Ce retour sur le devant de la scène peut, d’une certaine façon, être interprété comme la réponse au vide laissé par la fermeture de Plin Tub’, la galerie ouverte par Elzo Durt, en 2004, dans les murs de Recyclart, à l’époque où cette structure socioculturelle était encore adossée à la gare de Bruxelles-Chapelle. «Quand nous avons eu l’opportunité d’installer nos ateliers rue Grétry, on a directement pensé à montrer le travail des gens qui gravitent autour de nous depuis toutes ces années, commente Silio Durt. Le gros avantage, c’est que nous ne dépendons de personne, nous sommes maîtres des lieux, on montrera donc qui on veut et comme on le veut.»

Etonnamment, il n’est pas question de céder à la surenchère. «Si l’axe fort de l’endroit est la figuration, on ne veut pas tomber dans la caricature du lieu underground, confirme Elzo Durt.
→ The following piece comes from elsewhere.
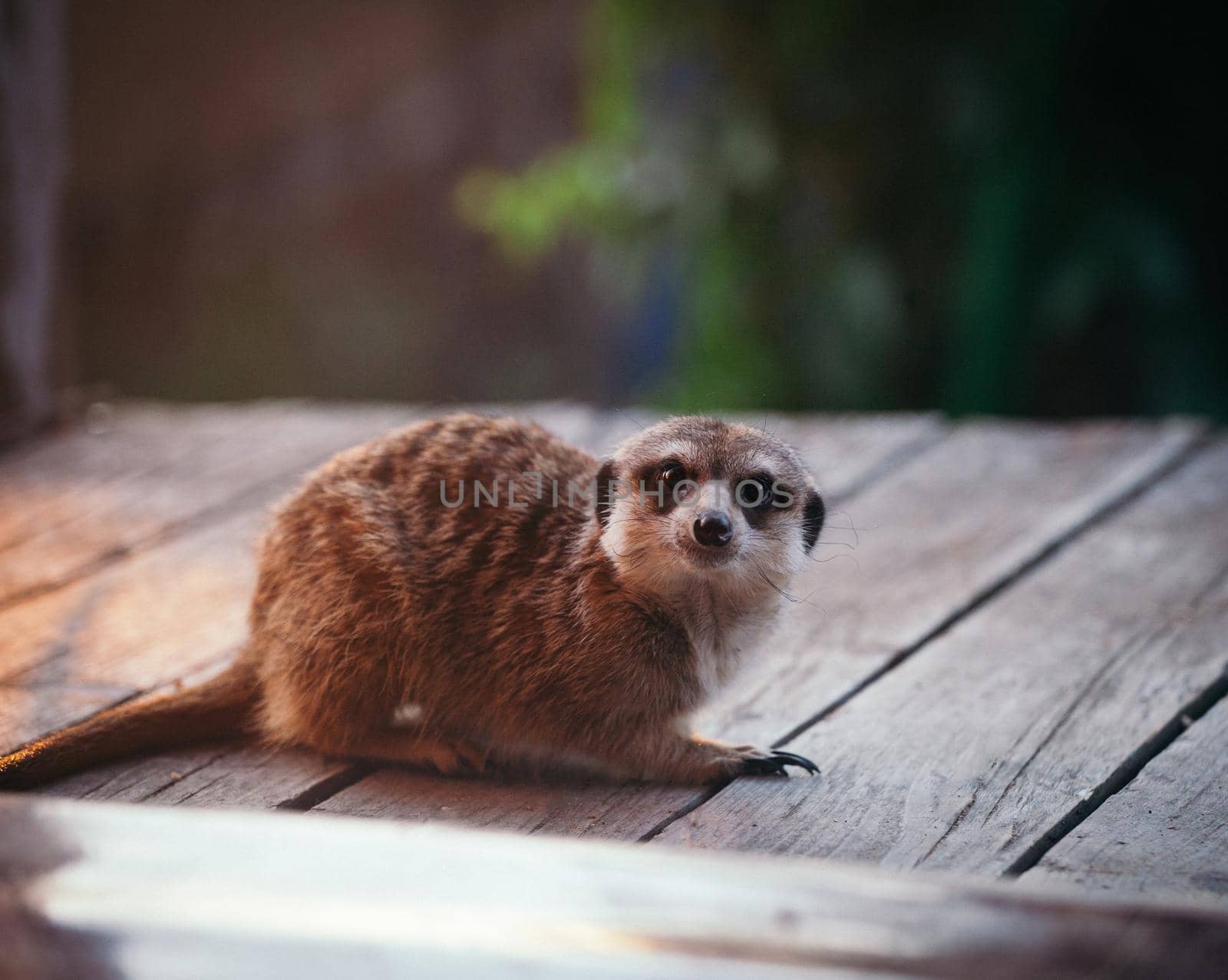 Domesticate meerkat or suricate, Suricata suricatta, on porch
Nous ne serons pas bloqués sur la scène graphique punk et trash.» On pense à l’esprit du «lowbrow», mouvement apparu dans la sous-culture californienne des années 1970, dont le nom signifie littéralement «front bas» (en réaction au «front haut» renvoyant à l’attitude hautaine des galeristes en vue), caractérisé par une esthétique recyclant comics, publicité, tatouage, street art, voire porn culture.
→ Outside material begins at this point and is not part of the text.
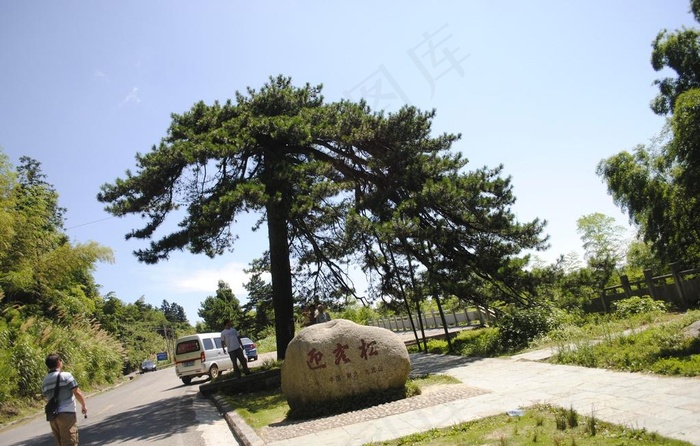 迎客松图片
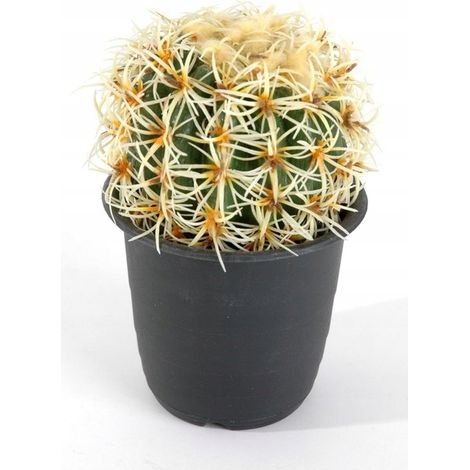 KAKTUS Blütenkugel 16,5cm  8623501400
Chez Urochrome, le logo est raccord au souhait des propriétaires, les frères Durt: «Montrer qui on veut et comme on le veut.»
Chez Urochrome, le logo est raccord au souhait des propriétaires, les frères Durt: «Montrer qui on veut et comme on le veut.» © National

Dans leurs valises, Silio et Elzo Durt ont emmené deux compères, l’artiste textile Deborah Lothe et Nicolas Grolleau de la Petite Fanzinothèque belge. A l’étage, l’open space faisant office d’atelier, le bien nommé «Uro City Center», découvre tout ce petit monde travaillant studieusement côte à côte. C’est là qu’il est également question de rapatrier une presse de sérigraphie destinée à la «promopagande» d’images déjouant les structures habituelles du pouvoir. Au rez-de-chaussée, un grand cube noir, la «Golden showroom», fait place à la programmation artistique du moment.

Avant de fermer ses portes pendant les deux mois d’été et de revenir en force à la rentrée avec le travail de l’excellent Sylvain Bureau, Urochrome donne à voir Antropomorfosen (1), un accrochage reprenant les œuvres de deux artistes brugeois. L’autodidacte Delphine Somers (1985) signe des peintures sur bois nourries à l’iconographie du célèbre Livre des miracles, manuscrit datant de la moitié du XVIe siècle qu’elle détourne sous forme d’anticipations politiques burlesques. Les compositions renvoient aussi vers la mythologie et les figures archétypales. L’ ensemble dessine une imagerie ésotérique envoûtante. Les sculptures de Bart Lescrève (1986), quant à elles, jouent parfois la carte de la fonctionnalité – des lampes à huile en forme de vulve – ou de l’ornement en interrogeant les questions de genre, l’érotisme et la charge implicite du socle.

(1) Antropomorfosen, chez Urochrome, à Bruxelles, jusqu’au 26 juin.